Sulle tribune e nel prato la gente osservava i passaggi delle macchine e nelle attese se stessa. Gli uomini portavano tutti il cappello, la «paglietta» o il «panama». Le auto, nonostante il «fìx» che era stato sparso sulla strada per evitare la polvere, avanzavano alzando nuvolette attorno a sé. All'arrivo le signore salivano con i loro cappelli elaborati e i veli su panchetti per veder meglio. Un'abitudine che rimarrà nel tempo ed è testimoniata dalle foto e dai quadri che numerosi pittori appassionati di automobilismo hanno lasciato di quei tempi. Il quartier generale della gara era il Grande Hotel di Termini Imerese dove alla vigilia si faceva una vera e propria asta dei piloti: tutti i soldi puntati venivano divisi fra coloro che avevano scelto il futuro vincitore. Funzionava sin da quella prima corsa un totalizzatore per le scommesse.
L'anno dopo il montepremi della Targa venne elevato alla cospicua somma di centomi-la lire. La manifestazione divenne un appuntamento fisso e si costruì una tradizione fatta di memorabili vittorie, ma anche di piccoli episodi ed abitudini. Dal 1908 fu inserita una corsa per «vetturette» e cioè macchine normali non da corsa, cui partecipava lo stesso Vincenzo Florio.
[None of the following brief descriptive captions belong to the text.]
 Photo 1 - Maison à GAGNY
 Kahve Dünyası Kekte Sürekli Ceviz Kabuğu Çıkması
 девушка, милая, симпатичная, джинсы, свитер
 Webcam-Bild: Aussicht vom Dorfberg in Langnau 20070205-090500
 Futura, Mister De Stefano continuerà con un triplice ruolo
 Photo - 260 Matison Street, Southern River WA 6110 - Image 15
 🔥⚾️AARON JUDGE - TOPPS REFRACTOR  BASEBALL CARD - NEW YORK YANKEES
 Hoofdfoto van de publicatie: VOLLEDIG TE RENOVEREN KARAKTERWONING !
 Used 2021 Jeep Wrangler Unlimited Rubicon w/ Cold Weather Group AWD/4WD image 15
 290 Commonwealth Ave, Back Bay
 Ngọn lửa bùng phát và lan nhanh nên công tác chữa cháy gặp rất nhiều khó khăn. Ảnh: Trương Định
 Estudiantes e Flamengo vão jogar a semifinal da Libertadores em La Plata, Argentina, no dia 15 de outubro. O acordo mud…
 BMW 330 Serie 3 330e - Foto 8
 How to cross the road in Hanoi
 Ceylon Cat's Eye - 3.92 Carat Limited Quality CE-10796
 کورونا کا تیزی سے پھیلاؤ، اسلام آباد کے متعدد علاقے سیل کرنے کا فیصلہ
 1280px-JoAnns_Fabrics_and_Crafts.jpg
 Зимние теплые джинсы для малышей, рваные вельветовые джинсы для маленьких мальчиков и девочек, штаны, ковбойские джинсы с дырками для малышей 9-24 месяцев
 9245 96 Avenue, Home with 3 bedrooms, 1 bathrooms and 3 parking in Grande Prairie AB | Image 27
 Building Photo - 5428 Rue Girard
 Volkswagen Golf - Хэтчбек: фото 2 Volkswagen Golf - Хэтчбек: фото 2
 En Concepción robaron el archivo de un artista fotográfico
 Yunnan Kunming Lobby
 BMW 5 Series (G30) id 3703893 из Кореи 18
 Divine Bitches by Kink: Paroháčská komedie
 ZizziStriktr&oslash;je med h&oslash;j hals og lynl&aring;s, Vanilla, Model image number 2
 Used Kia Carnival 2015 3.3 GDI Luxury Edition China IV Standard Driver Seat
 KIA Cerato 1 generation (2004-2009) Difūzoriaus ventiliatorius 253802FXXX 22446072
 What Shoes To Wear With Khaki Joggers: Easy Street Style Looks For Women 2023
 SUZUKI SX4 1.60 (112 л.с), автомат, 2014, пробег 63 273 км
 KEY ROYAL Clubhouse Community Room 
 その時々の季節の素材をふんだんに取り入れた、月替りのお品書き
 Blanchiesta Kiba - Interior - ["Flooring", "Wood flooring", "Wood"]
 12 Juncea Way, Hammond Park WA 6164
Nel 1909 le tribune furono spostate a Cerda: c'è chi dice per lasciare sgombra la strada per Messina, distrutta dal terremoto del dicembre del 1908 e sempre bisognosa di soccorsi, e chi aggiunge la necessità di evitare che la folla si riversasse a Bon Tornei lo sui campi di proprietà del barone Cammarata danneggiando le colture.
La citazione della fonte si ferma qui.